I wish I'd saved some of my old band shirts. Van Halen, the Diver Down tour and U2, The Incredible Fire. Why didn't I collect more? I was in a swish shop a few weeks ago, and classic rock band t-shirts cost between $400 and $1400. Seventeen-year-old me didn't know they'd become collectible. I also wish I'd saved copies of Creem and Hit Parade magazine.
I bought a Bowie shirt at the AGO (from the V&A touring show). I wore it one day in Charleston and was stopped twice and asked where I got it.
The CNE starts this weekend. Whoosh…
My mom took us every year. Those childhood memories are a full tank of fun. There's a photo of two of us on the Polar Express — we're maybe six and eight years old. It's mostly tonsils. The ride operator asked if we wanted to go faster, and we screamed, "No."
We went on the steam train that ran parallel to the Gardiner. I still have the ticket. We visited the horses in the stables. From the time it opened until just before closing, we did everything.
My uncle Jay was a DJ at CFRB in the 70s. His baritone voice was smooth and rich. We'd visit him in the booth. Being in a glass box felt special — people looking in at us.
If there is a heaven, it's how I remember the International Food Hall.
My mom bought us gendered surprise bags one year. She paid decent money that my dad worked hard for. In my bag, the big prize was a girdle. A GIRDLE. I was too young to understand that a woman's body needed restraining. We weren't worshipping in the temple of FUPA in the 70s. In my early teens, under severe bodily insecurity, I fished it out from the back of a drawer and tried to squeeze into it. Imagine the person who packed those bags.

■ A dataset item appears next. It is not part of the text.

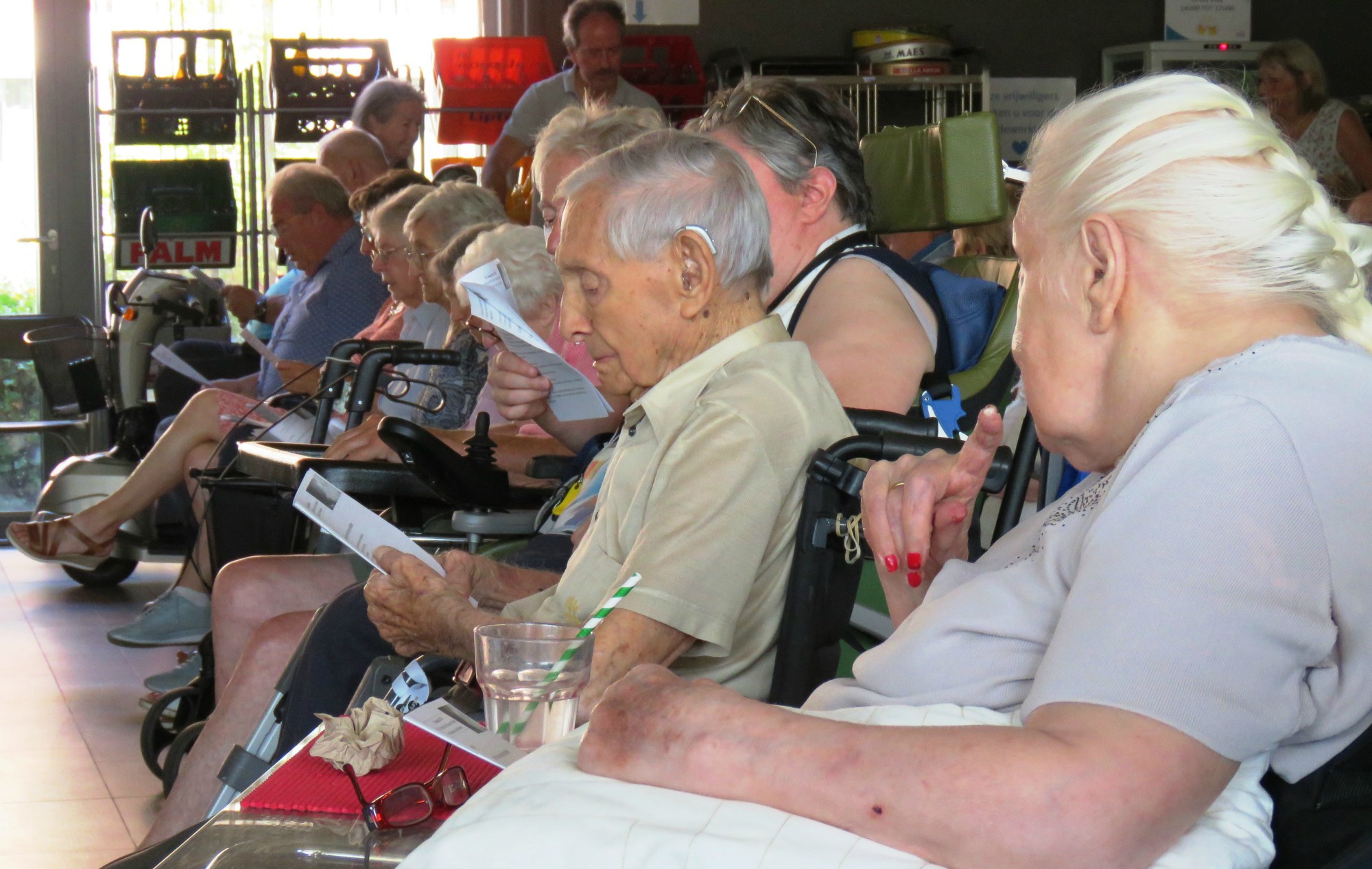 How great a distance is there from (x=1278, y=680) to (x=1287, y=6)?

Seeing Thelma & Louise might become an annual event for me.
I feel relief that I never hitched myself to a husband like Darryl — that shot of his dinner and the note still in the microwave when Thelma calls at 4 a.m. because she's in trouble. That loathsome moment is brilliant storytelling.
The movie's been restored, and I saw it with a full house at the TIFF theatre last Saturday night — we applauded their courage a couple of times and laughed along with them. I had a good time.

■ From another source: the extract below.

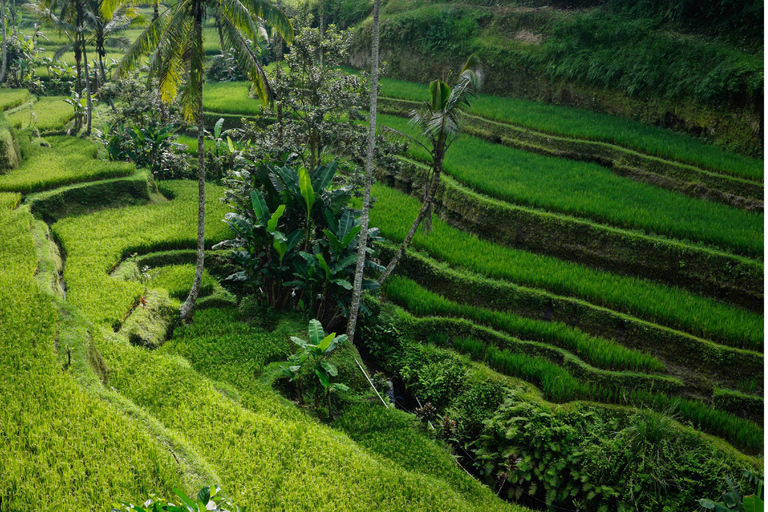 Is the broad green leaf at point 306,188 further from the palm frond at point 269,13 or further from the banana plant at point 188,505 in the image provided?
the banana plant at point 188,505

Watching the taillights on the 1966 green Thunderbird convertible weave through the desert night — Marion Faithful crooning The Ballad of Lucy Jordan — is breathtaking. It quenches my thirst. Thank you, Ridley Scott.
I went looking for something to read about it the next day and discovered this jewel of an essay by a favourite writer, Rebecca Traister:
"It's not just that Thelma and Louise get inarguably hotter with every discarded lipstick, floral blouse, and trapping of conventional femininity; it's that, in Khouri's script and through director Ridley Scott's lens, along the geographically impossible road from Oklahoma to Mexico, their increasing liberation makes the country itself more beautiful, both to them and to us. These women and their willingness to disobey, hang up on, laugh at, and even kill the men who degrade and underestimate them are not a blight on the nation; rather, their trek west, toward imagined freedom, flatters America, lights it up from within."
My friend Heather sources "gently loved vintage." She has a great eye. And it's getting better with practice. That's what happens when you do something you love.
Some of you have admired this old-fashioned glass I bought from her. She sold me the four plates in the photo. I want to use them. Do you want to come over for biscuits, homemade peach jam and cultured cream, the colour of okra flowers?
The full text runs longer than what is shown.